While using DQX to generate DQ rules on a table i have used the following prompt.
from databricks.labs.dqx.profiler.generator import DQGenerator
from databricks.labs.dqx.profiler.profiler import DQProfiler
from databricks.labs.dqx.config import InputConfig
from databricks.sdk import WorkspaceClient
ws = WorkspaceClient()
generator = DQGenerator(workspace_client=ws, spark=spark)
# Step 1: Profile the data to generate summary statistics
profiler = DQProfiler(workspace_client=ws, spark=spark)
# Generate rules with input data schema awareness
input_df = spark.read.table(f"{schema}.{tablename}")
summary_stats, profiles = profiler.profile(input_df)
user_input = """
Make sure tid and tdescr are one to one mapped
make sure l and ldesc are one to one mapped
make sure effective startdate and effective enddate are lesser than current date
Make sure the test cases are executable through dbx and should not throw any errors like table or view not found
"""
# Option A: With business context
checks = generator.generate_dq_rules_ai_assisted(
user_input=user_input,
summary_stats=summary_stats
)
print(checks)
For the above code i am getting some valid response but the response is not as directly usable.
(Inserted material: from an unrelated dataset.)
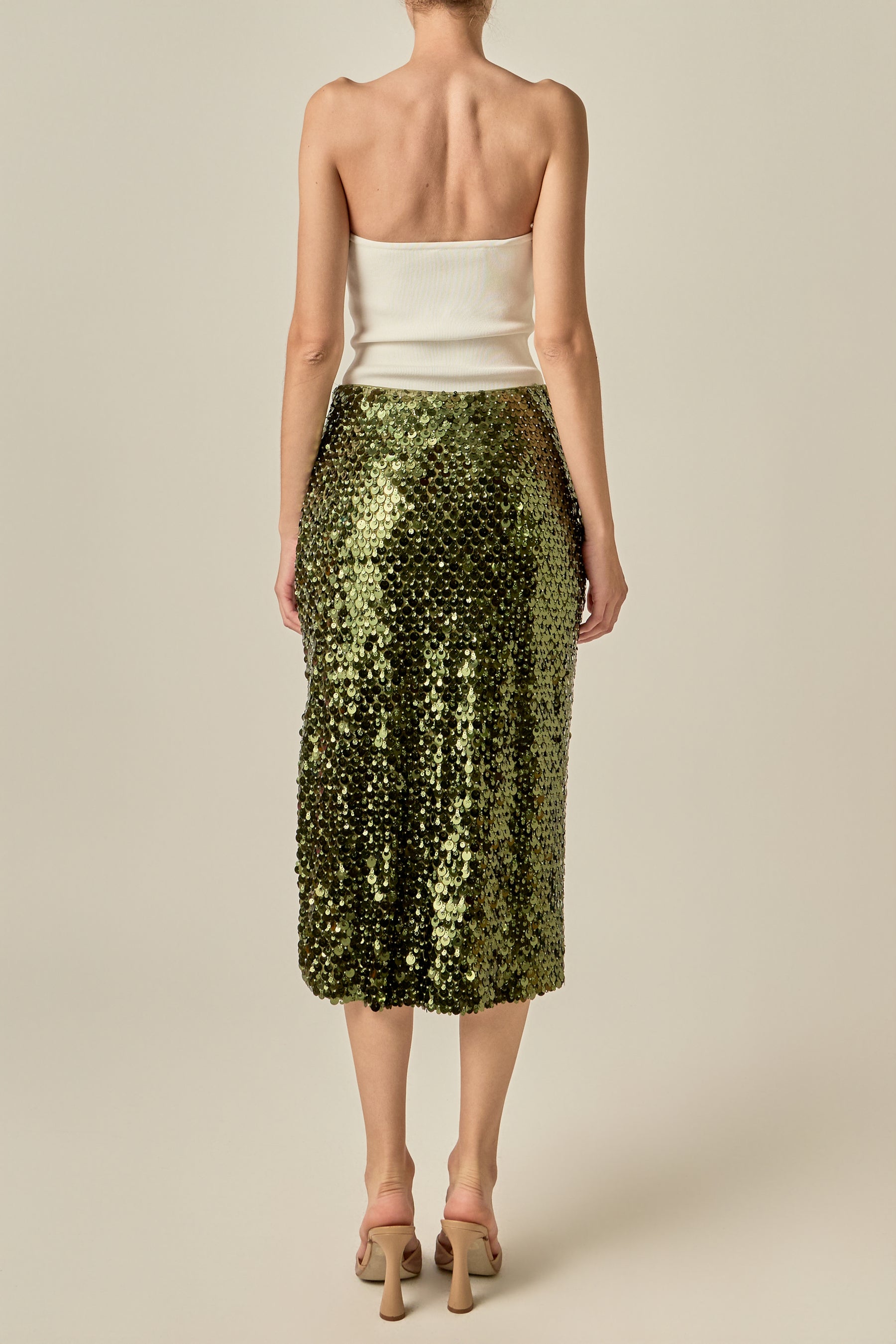 Paillette Pencil Midi Skirt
{'criticality': 'error', 'check': {'function': 'sql_query', 'arguments': {'query': 'SELECT TID, COUNT(DISTINCT TIDDESCR) as desc_count FROM input_view GROUP BY TID HAVING COUNT(DISTINCT TIDDESCR) > 1', 'name': 'tid_to_description_one_to_one', 'msg': 'CTID must map to exactly one TIDDESCR'}}}
I tried to correct it as below.
- check:
arguments:
merge_columns:
- TID
- TIDDESCR
msg: TID has multiple TIDDESCR values
input_placeholder: input_view
condition_column: desc_count
name: tid_tiddescr_one_to_one
query: with main_cte as (SELECT TID, TIDDESCR, COUNT(DISTINCT TIDDESCR) AS desc_count
FROM {{ input_view }} WHERE TID IS NOT NULL GROUP BY TID, TIDDESCR
HAVING COUNT(DISTINCT TIDDESCR) > 1)select *,case when desc_count > 1 then true else false end as condition from main_cte
function: sql_query
criticality: error
- check:
arguments:
merge_columns:
- l
- lDESC
input_placeholder: input_view
msg: l has multiple lDESC values
name: l_ldesc_one_to_one
condition_column: condition
query: with main_cte as (SElECT l, lDESC, COUNT(DISTINCT lDESC) AS desc_count
FROM {{ input_view }} WHERE l IS NOT NUll GROUP BY l, lDESC
HAVING COUNT(DISTINCT lDESC) > 1)select *,case when desc_count > 1 then true else false end as condition from main_cte
function: sql_query
criticality: error
Still facing the following issue
{"ts": "2026-03-13 06:46:43.193", "level": "ERROR", "logger": "DataFrameQueryContextLogger", "msg": "[DATATYPE_MISMATCH.UNEXPECTED_INPUT_TYPE] Cannot resolve \"CASE WHEN Tid_Tiddescr_one_to_one_desc_count_de5f40594692464892443d2e0412aaef THEN TID has multiple TIDDESCR values ELSE CAST(NULL AS STRING) END\" due to data type mismatch: The first parameter requires the \"BOOLEAN\" type, however \"Tid_Tiddescr_one_to_one_desc_count_de5f40594692464892443d2e0412aaef\" has the type \"BIGINT\". SQLSTATE: 42K09;\n'Project [TID#1233, TIDDESCR#1234, l#1235, lDESC#1236,
Can some one guide me on what chould be the issue.
I need help on the following things
1.Is there any possibility to get better response from the LLM model. Any better prompt etc.?
2.Why is the sql_query function not working?